R. – Sono elezioni farsa, perché al di là dell’aspetto meramente procedurale e, dunque, formale del loro svolgimento, comunque calendarizzato, l’Unione Europea ha dichiarato formalmente che non sussistono più le condizioni per una corretta osservazione delle elezioni e, dunque, gli osservatori elettorali europei hanno lasciato il Burundi. Le Nazioni Unite ovviamente mantengono un approccio quanto più neutrale possibile in maniera anche intelligente, cioè tale, comunque, da lasciar intendere che la destituzione di fondamento di elezioni evidentemente garantite solo da parte del presidente in carica, non possono essere rappresentative di alcunché. Importanti governi stranieri, come appunto Washington – gli Stati Uniti – ed anche altri hanno indicato l’impossibilità di rappresentatività della tenuta delle elezioni. E il fatto stesso che diverse, numerose, a più riprese, manifestazioni di piazza, da parte di chi fosse simpatizzante dell’opposizione, abbiano avuto luogo e già esistano situazioni di sfollati e di rifugiati, quindi di persone che si sono mosse oltre i confini del Burundi, è prodromico di una crisi enorme che sta per esplodere sotto gli occhi di tutti, con il rischio di degenerare in guerra civile e una classe al potere che sicuramente non si è dimostrata per nulla all’altezza del ruolo che intende continuare a ricoprire.

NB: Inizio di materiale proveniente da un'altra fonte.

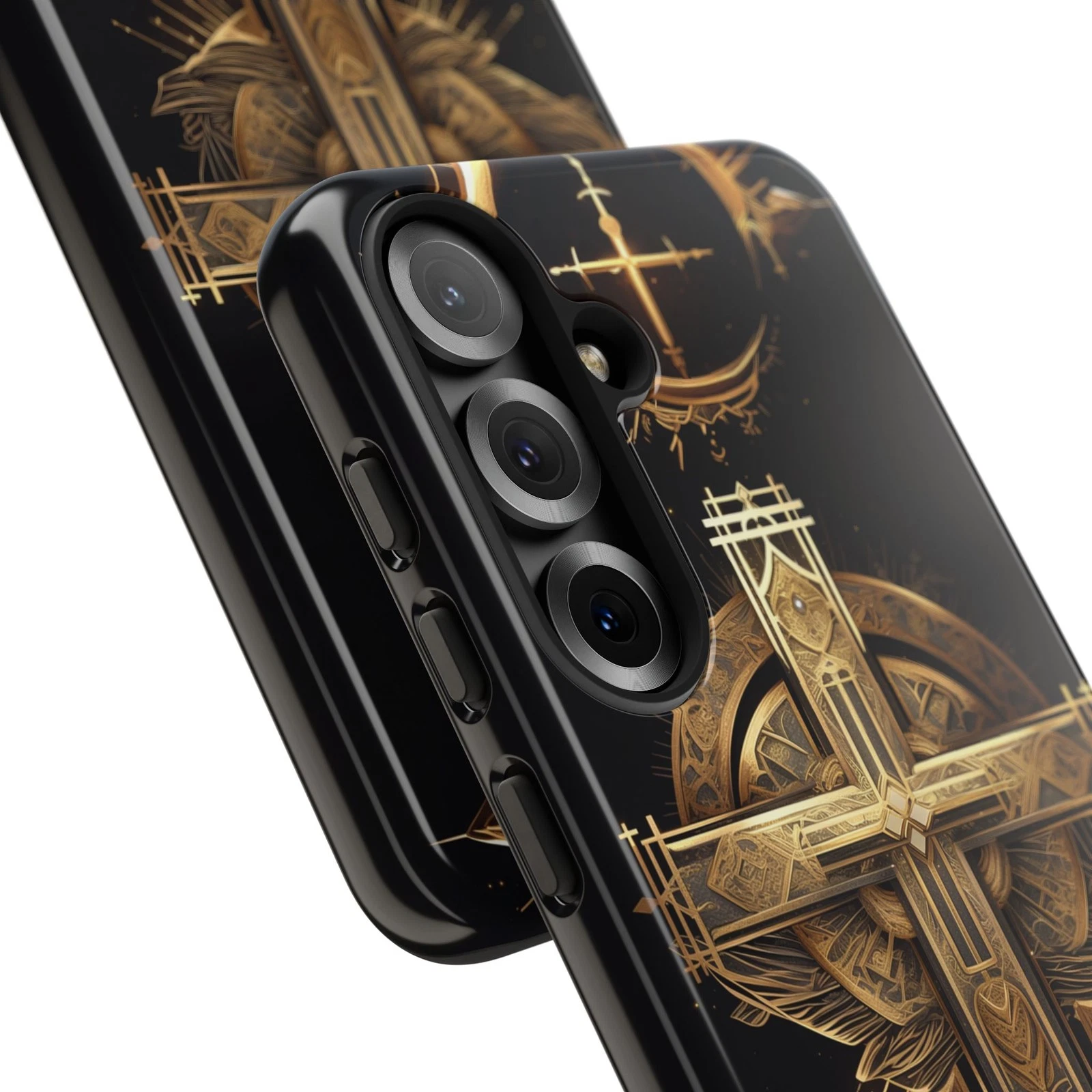 Phone Ink Christian Faith Cross Case for iPhone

D. – Tra l’altro, le opposizioni sono molto divise tra di loro. La cosa più grave è che non c’è ad oggi uno sfidante valido, un nome, per opporsi a Nkurunziza…

R. – Sì, il problema è anche questo. Per quello che riguarda il Burundi, ovviamente, la situazione è molto più delicata. Un Paese che è stato per tanti anni in guerra civile e con un regime abbastanza dispotico, ovviamente ha difficoltà a favorire un coagularsi intelligente di porzioni della società civile che rivendicano politicamente, partiticamente, un proprio diritto di governare il Paese. E quindi questo, come altrove, fa pagare lo scotto e fa rendere più forte il presidente in carica, chi di turno, con il rischio sempre che poi siano i militari a risolvere la questione, per poi – come sta per accadere in Guinea Conakry - dopo qualche anno magari, dopo aver portato nuovamente il Paese ad un processo di normalizzazione, ricandidarsi come eventuali nuovi possibili presidenti.

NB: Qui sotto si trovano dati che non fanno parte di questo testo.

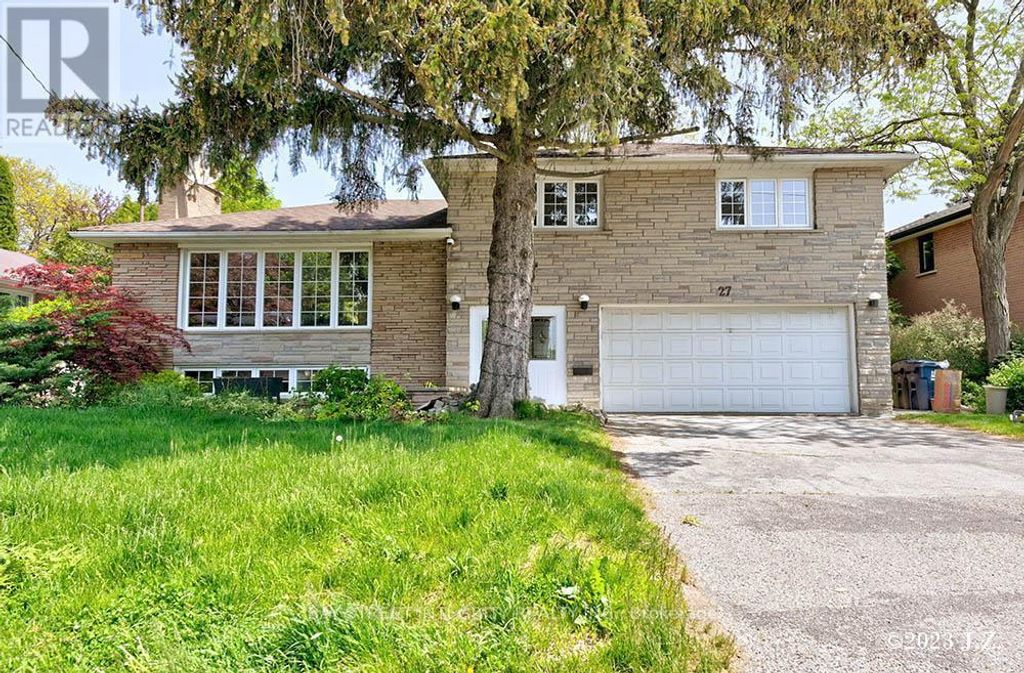 Lower - 27 Heathview Avenue, Toronto (bayview Village)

D. – Per allargare lo sguardo, oltre alla crisi politica che il Paese vive e oltre ovviamente alle pressioni di un governo "dittatoriale", quali sono i problemi del Burundi?

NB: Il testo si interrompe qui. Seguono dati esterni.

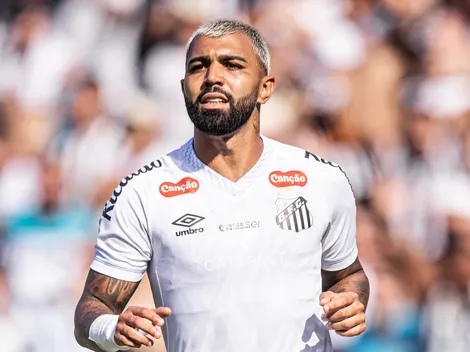 Santos perde para o Palmeiras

R. – I problemi del Burundi sono i problemi legati a tutto un contesto più largo di problematiche regionali. Parliamo di Africa Centrale, della Regione dei Grandi Laghi, di opposizioni anche, di faglie etniche tra hutu e tutzi, quindi non religiose in questo caso. Il problema fondamentale di questi tre grandi Paesi - Burundi, Rwanda e ovviamente Uganda - che confinano con l’enorme Paese per eccellenza della Regione dei Grandi Laghi, che è la Repubblica democratica del Congo è che condividono una grande volatilità, una grande insicurezza, una grande depredazione di risorse naturali e problemi economici. Poi c’è un problema generalmente di post conflitto, vale a dire di ricostruzione della società civile, di fiducia reciproca. E sicuramente, in questo momento, Nkurunziza non è in grado di favorire questo processo.